Applied responsibly, glyphosate enters green leaves and stalks, travels to the roots and kills most plants in a week or two by inhibiting amino-acid production. Then, soil microorganisms quickly break down glyphosate into non-threatening phosphorus and amino acids. Correctly applied, glyphosate is not a danger to pets, children, beneficial insects or other wildlife.
According to Jeff Gillman, a professor of horticulture at the University of Minnesota who writes about glyphosate in his useful book The Truth About Organic Gardening, some of the most worrisome-sounding studies on glyphosate have not been supported by follow-up research. Some news reports, such as the effect of glyphosate on villagers in Columbia and Afghanistan, stem from crop dusters incorrectly and unconscionably dumping the stuff not just on fields of narcotics, but on villages, too. On his shared blog, gardenprofessors.com, Gillman says, “I can’t find any reason to think that glyphosate is anything but what it appears to be—an effective weed killer that is on the safer end of the spectrum relative to other chemical weed killers (and here I’m including organic weed killers too. Ever been exposed to those 20-percent acetic-acid vinegar herbicides? I tried one this summer—just being near it made my eyes burn.)” [From “The New Evidence Against Glyphosate,” 9/23/2010.]
In the same way that household products like gasoline and alcohol should be used responsibly, there are a few rules for using glyphosate. Don’t get it on anyone. Don’t spray on a windy day—it’ll land on garden plants and kill them. Don’t spray before a rain, as it will just wash off. Don’t spray near bodies of water, because the soap-based “inert ingredients” that come with the glyphosate will kill amphibians. Don’t use brands that promise plants will look dead in 24 hours. They include additional herbicides that might destroy the leaves before the glyphosate is carried to the roots, meaning the weeds will ultimately survive. Don’t fail to read the directions or follow them closely.
I have one good-quality pump sprayer that is used only for glyphosate. I keep a plastic measuring cup with the bottle of concentrate so I can add the right amount; following the instructions, I use a stronger concentration for perennials in summer than for annual weeds in winter.
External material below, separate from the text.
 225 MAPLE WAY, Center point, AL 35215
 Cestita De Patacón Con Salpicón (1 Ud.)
After pouring the herbicide in the sprayer, I completely submerge the end of the hose so that the mixture doesn’t foam up and overflow. I adjust the jet so that the spray comes out in drops rather than a mist, so it doesn’t travel as far.
I use glyphosate once a month during the growing season, which for me can be year-round during a mild winter. On our one-sixth acre lot, it takes about 20 minutes. Applications this frequent actually let me reduce the total amount of glyphosate that I use. Why? Weeds that germinate between applications are quite small and haven’t flowered, much less set seed, by the next spraying. A tiny spritz on one or two leaves will kill such a small plant. I just tap the trigger to see how small a quantity I can spritz on the weed. Also, by killing weeds before they can set seed, I’m slowly reducing the weed-seed inventory in my garden.
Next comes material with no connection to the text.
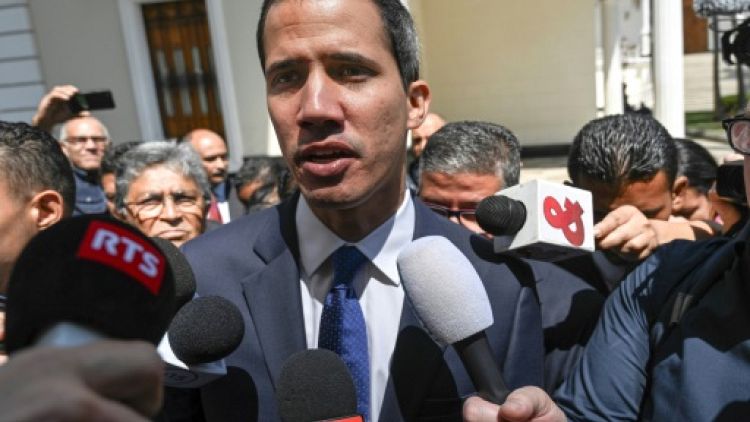 Juan Guaido s'adresse à la presse à Caracas, le 5 février 2019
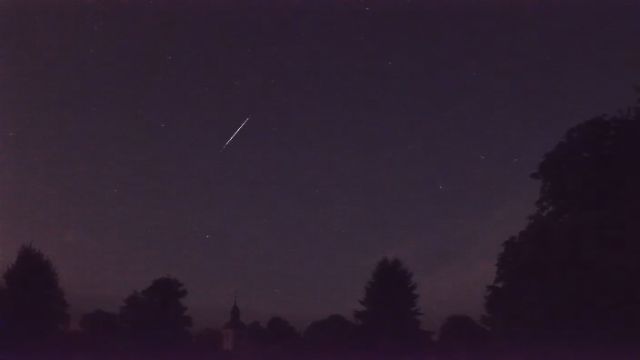 AMS16 meteor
For full-grown perennial weeds with deep roots, like wisterias and ivies, the first spray hardly shows any results. But with the next month’s spraying, tough, mature perennial weeds either die or shrivel up. A third or fourth spraying does the trick for the toughest perennials.
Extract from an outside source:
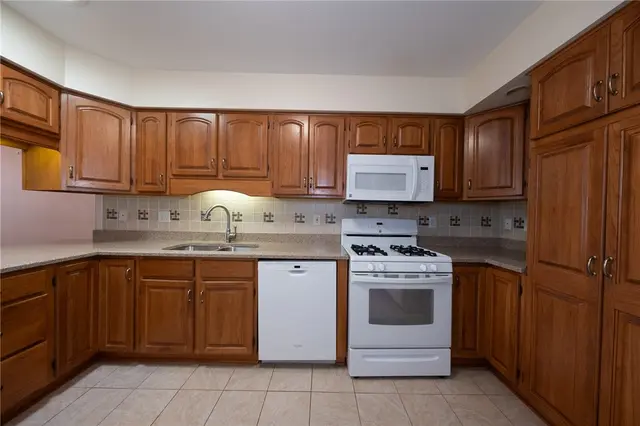 121 STEEPLECHASE CIRCLE gallery image 3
For weeds that are growing within the skirt of a garden perennial, I do a quick hand pull if I think I can get the root out. But if the plant is too big or the ground, too dry, I either use my foot to push some of the garden plant’s skirt aside so that I can spritz a weed leaf or two (with the sprayer aimed away from the garden plant); or if the weed is tall enough, I use my foot to bend it down to the ground, beyond the canopy of the garden plant, so that I can spritz the top leaves safely. If you accidentally spritz a garden plant, quickly rinse it off or snap off the affected leaves right away.
The first time you spray weeds with glyphosate may take a while. Subsequent sprays will take less time, because you’ll have fewer and smaller weeds to contend with. You’ll be able to dedicate the time you save on weeding to more enjoyable activities like dividing, pruning and planting. Better yet, you’ll have time for just relaxing in the garden with friends on a bench, rather than toiling alone on your knees.